As a JW youth, were you rejected by your peers and left out of social activities?

by truthseeker 21 Replies latest jw friends

  • dinah
    dinah

    Blondie, same here.

    In my case, my father was not a jw....the kiss of death for a jw social life
  • noni1974
    noni1974

    I wanted to add I was never personally invited to any parties or gatherings. My family was but even wedding invitations came in my parents name when I was still living at home and I was the "and family" part. Congregation picnics were a normal thing around here and everyone was invited. I went to those. Sleep overs and youth parties I wasn't invited to. I can remember one that I went to that my best friend had. Other than that I never went to parties unless my family had them or a relative had them. I did hang out with a group of people who went to a bar and sang karaoke on Friday nights but that was because my friend always asked me. Not because anyone really wanted me. Every summer my family aunts and uncles and cousins went to Cedar Point. It became a congregation thing and everyone went but if it wasn't for my family arranging it every year I would not have been invited. I remember many many times I heard of parties and things that people did where I and my family weren't invited.

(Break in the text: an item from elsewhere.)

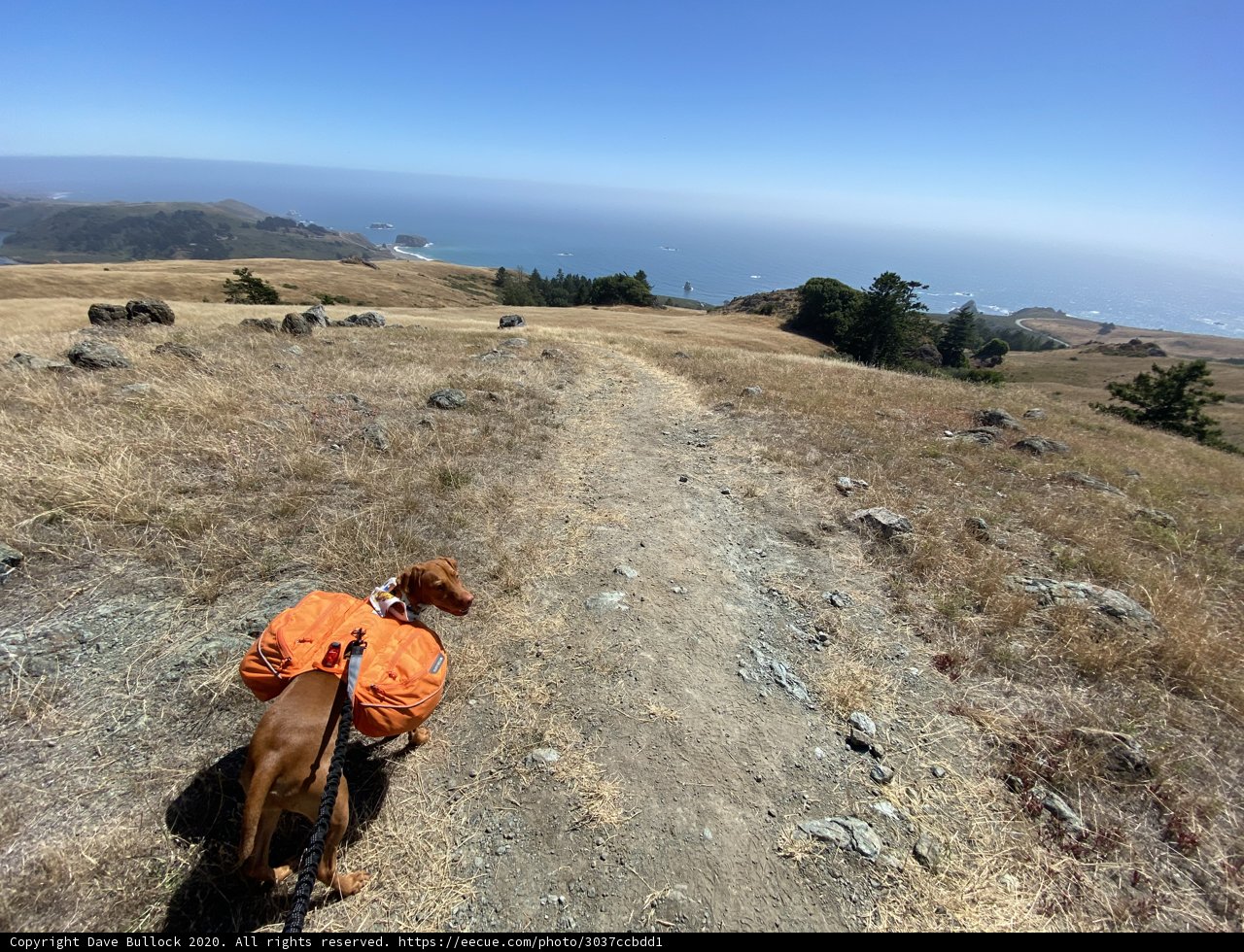 Backpacking with my canine friend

    I also remember one time my mom cornered a couple of girls my age and asked them why they didn't want to hang out with me. God the was embarrassing. I wished the floor would open up and swallow me. I could never look thse girls in the face again.

  • shamus100
    shamus100

    I was not really a part of congregational activities, but to be truthful, they just weren't my cup of tea. My friends were from other congregations; I think you would call me one of those 'stuck-up' kind of guys ?? I enjoyed seeing a few people out there, but frankly, I didn't try to make friends too hard because people were pretty bloody weird.

    It was more customary to have friends in outisde congregations. At the end, I used to go to clubs anyways. Pretty heavy demonism, eh?

  • truthseeker
    truthseeker

    WingCommander,

    I'm sorry you had to experience what I did - it seems many here have been neglected. My family weren't invited to much either, because they weren't in the clique of pioneers or elders.

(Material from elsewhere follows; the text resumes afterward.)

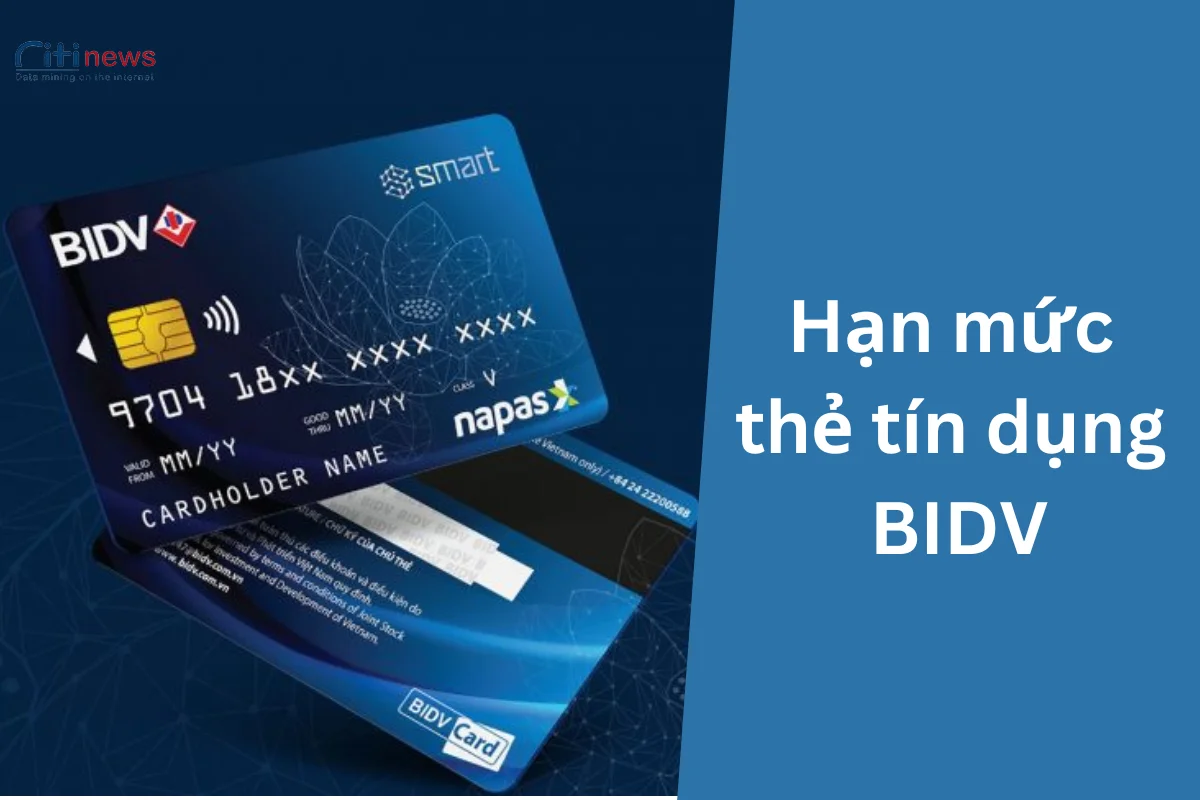 han-muc-the-tin-dung-bidv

    I remember once when the congregation youths organised bowling for a Friday evening. I knew nothing about it until the next day in field service, I'm working with an older brother who asks, "so, Truthseeker, did you go bowling yesterday?"

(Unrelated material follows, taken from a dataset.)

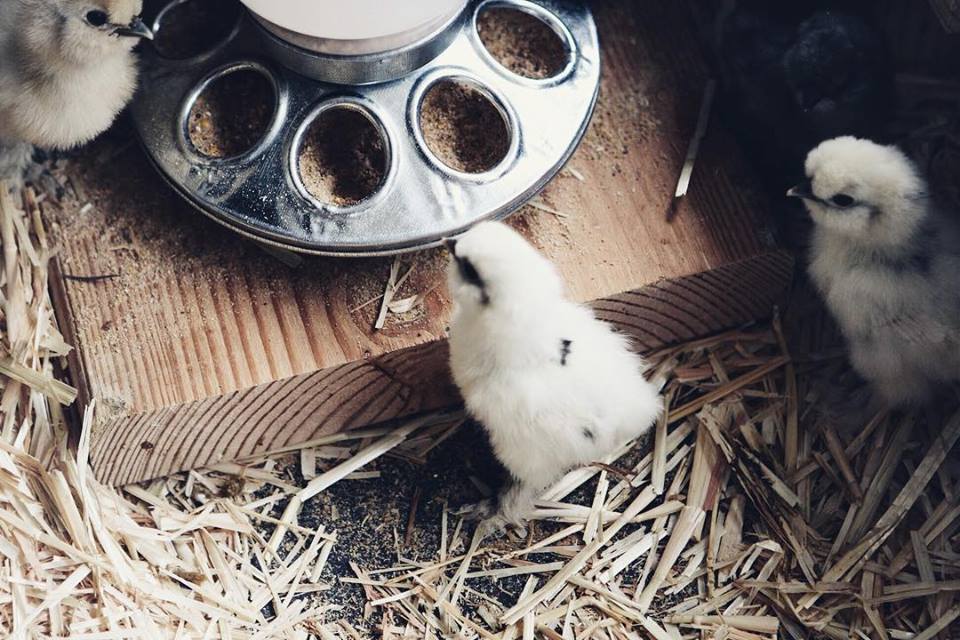Silkie chicks hatched by broody hens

    I was absolutely livid - I was the only JW youth who was not invited. It was one of the very, very few events when the whole JW youth of the congregation actually did something together, because usually it was just cliques doing their own thing.

    Years later, I was working with an elder in the ministry whose daughter has now left the org, and he asked me, "Truthseeker, why do you think the young ones have such a hard time in the congregation?"

    I told him that they didn't like each other, that they all did their own thing, and perhaps more importantly, they have no shared history with each other, so on the rare occasions when they do hang out they have nothing to talk about.

    "I was a complete loner at the Kingdom Hall. None of the others my age would talk to me. I was not nerdy looking, I was actually handsome if I say so myself! At school, often times they were WORSE then the so-called "worldly" kids, and it absolutely disgusted me. Combine that with seeing them at the Kingdom Hall acting all pious and righteous and I could just about hurl. I pretty much up and faded when I got a life and career at age 17-18. No one from the KH cared. No one missed me. In the past 10 years my entire JW family has died, and they didn't so much as send a card to me, no one!

    This was my experience too, I was a loner but not by choice. There were rumors going round about my mental health and no one wanted to have anything to do with me. I was regular in service, but a low hour publisher, I commented at meetings, I did the microphone duty, I took the meeting tapes to the elderly and infirm who couldn't be present, yet I wasn't good enough for my peers and had no connection with them.

    There were two brothers in my old hall who were regular pioneers - ironically, one of them was bullied at school for being a JW and was ignored by his peers in the congregation. We never got on particularly well, we went to different schools - I sometimes think if we had gone to the same school, we could have been good friends and could have both dealt with the bullying easier.

    After he got accepted to Pioneer School, he started making friends, they used to visit our hall and since then he became a different person. He matured but never gave one iota to the position I was in. He made friends with a brother who came into the truth and the pair of them organized every social activity for the youth in the hall. I was always excluded. Heck, they even invited my younger brother to go out with them while ignoring me.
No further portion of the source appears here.